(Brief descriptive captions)
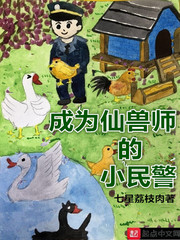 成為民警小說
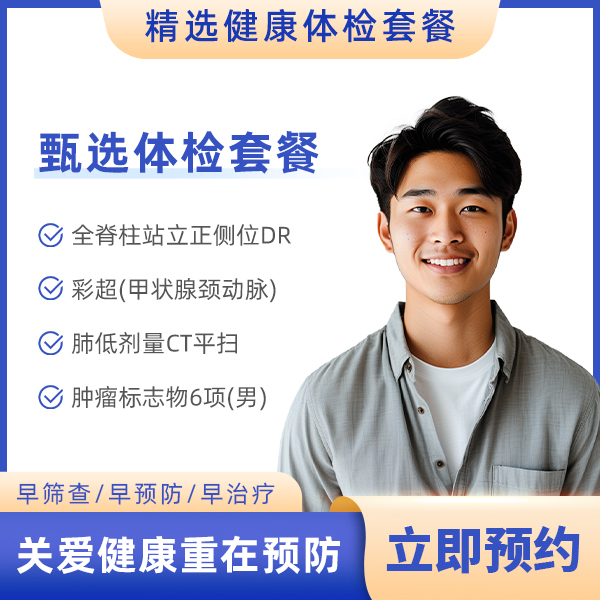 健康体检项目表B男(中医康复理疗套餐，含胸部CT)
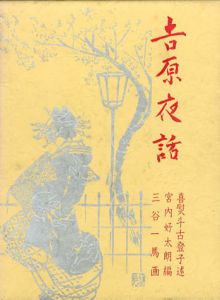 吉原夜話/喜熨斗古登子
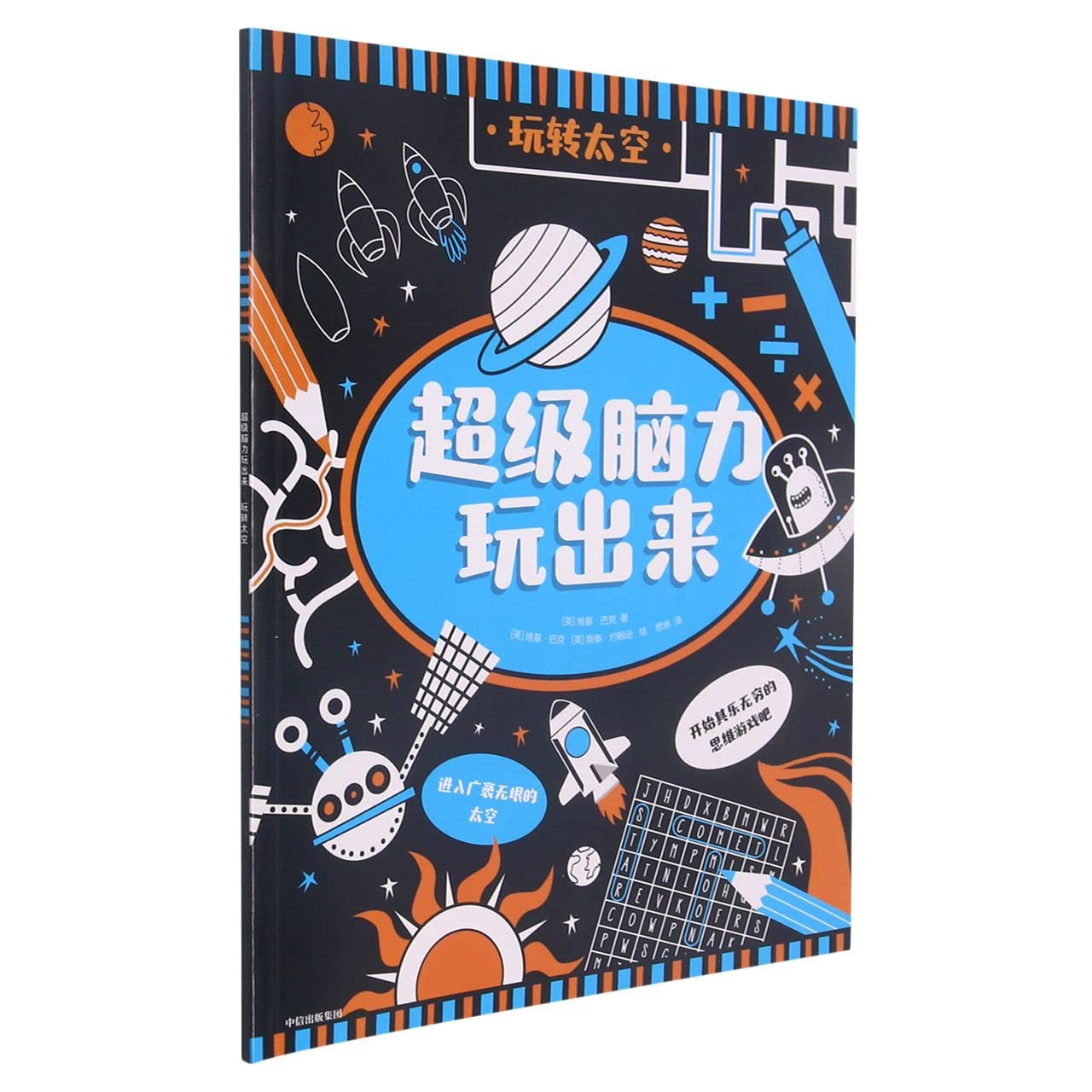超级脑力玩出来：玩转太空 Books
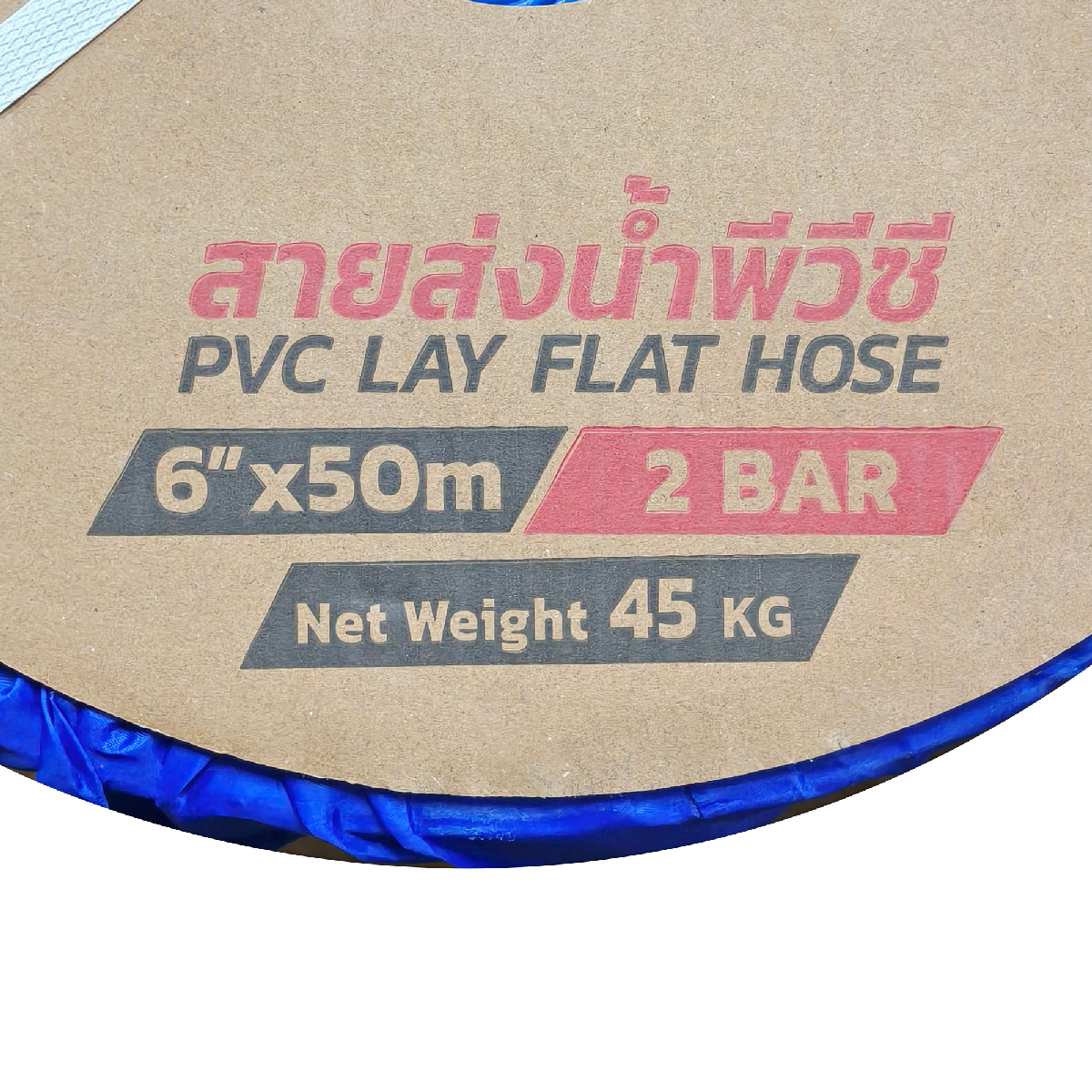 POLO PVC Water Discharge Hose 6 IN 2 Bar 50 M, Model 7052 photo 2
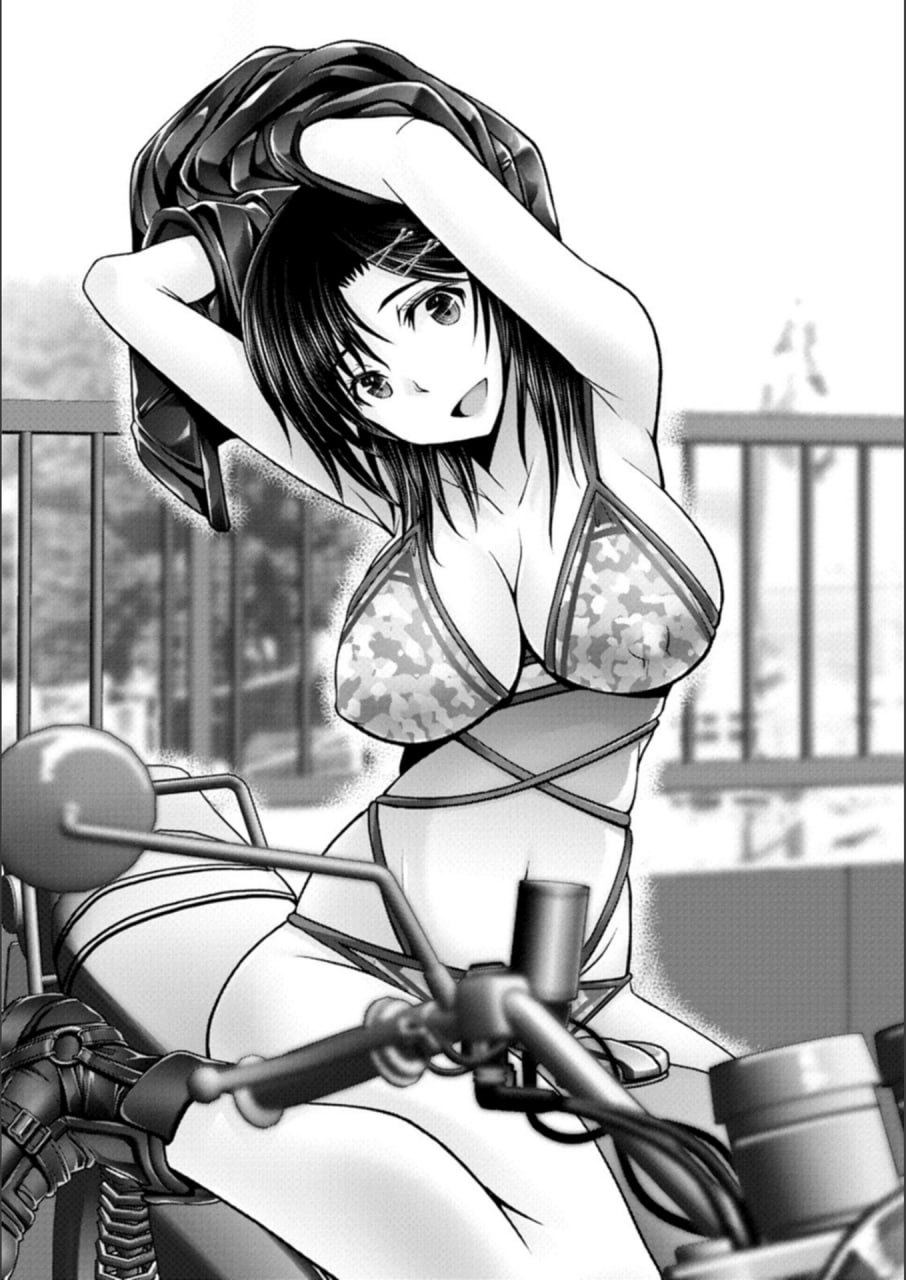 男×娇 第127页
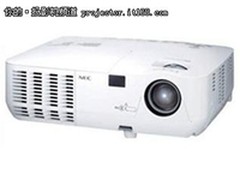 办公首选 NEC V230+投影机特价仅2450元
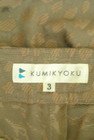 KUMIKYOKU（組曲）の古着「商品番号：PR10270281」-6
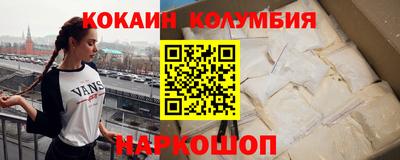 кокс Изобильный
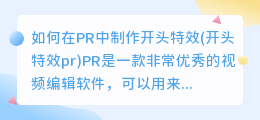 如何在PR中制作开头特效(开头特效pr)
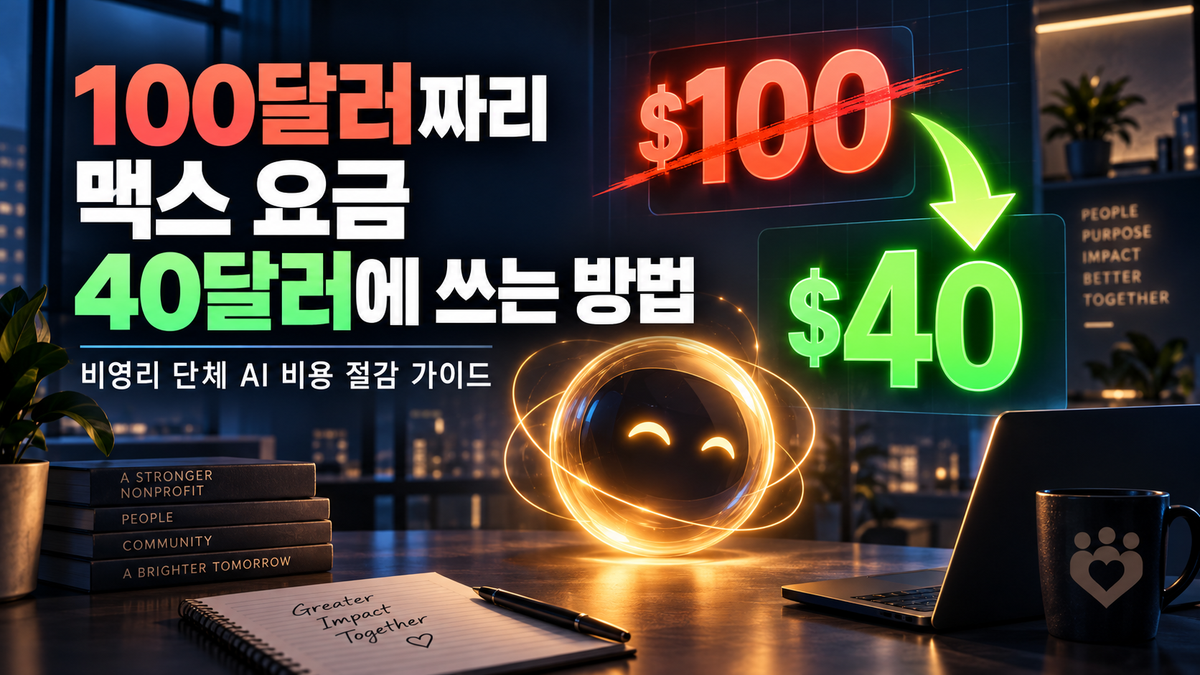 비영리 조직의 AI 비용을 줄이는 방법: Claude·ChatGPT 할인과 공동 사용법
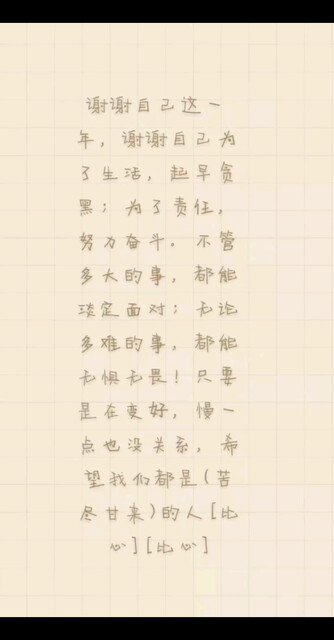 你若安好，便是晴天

THE PROBLEM:
Please transcribe, word for word, every line from the one containing "超级脑力玩出来：玩转太空 Books" through the last line of the records, both included, and leave the pictures out.

TASK RESULT:
超级脑力玩出来：玩转太空 Books
 POLO PVC Water Discharge Hose 6 IN 2 Bar 50 M, Model 7052 photo 2
 男×娇 第127页
 办公首选 NEC V230+投影机特价仅2450元
 KUMIKYOKU（組曲）の古着「商品番号：PR10270281」-6
 кокс Изобильный
 如何在PR中制作开头特效(开头特效pr)
 비영리 조직의 AI 비용을 줄이는 방법: Claude·ChatGPT 할인과 공동 사용법
 你若安好，便是晴天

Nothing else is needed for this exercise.